Lines before the one with "Yokohama dB decibel E70N ( 215/55 R17 94V )" are left out; return that line and all that follow it, exactly, through the end of the data.

═════ AVAILABLE DATA ═════

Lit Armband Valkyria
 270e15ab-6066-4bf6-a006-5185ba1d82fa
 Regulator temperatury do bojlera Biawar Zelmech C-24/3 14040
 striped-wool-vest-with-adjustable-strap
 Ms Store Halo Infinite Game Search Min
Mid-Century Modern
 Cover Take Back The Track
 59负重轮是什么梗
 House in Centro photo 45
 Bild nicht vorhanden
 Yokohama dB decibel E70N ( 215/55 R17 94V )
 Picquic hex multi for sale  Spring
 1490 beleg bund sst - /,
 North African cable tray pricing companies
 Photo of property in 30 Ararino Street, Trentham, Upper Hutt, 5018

═════

**SOLUTION TO THIS PROBLEM:**
 Yokohama dB decibel E70N ( 215/55 R17 94V )
 Picquic hex multi for sale  Spring
 1490 beleg bund sst - /,
 North African cable tray pricing companies
 Photo of property in 30 Ararino Street, Trentham, Upper Hutt, 5018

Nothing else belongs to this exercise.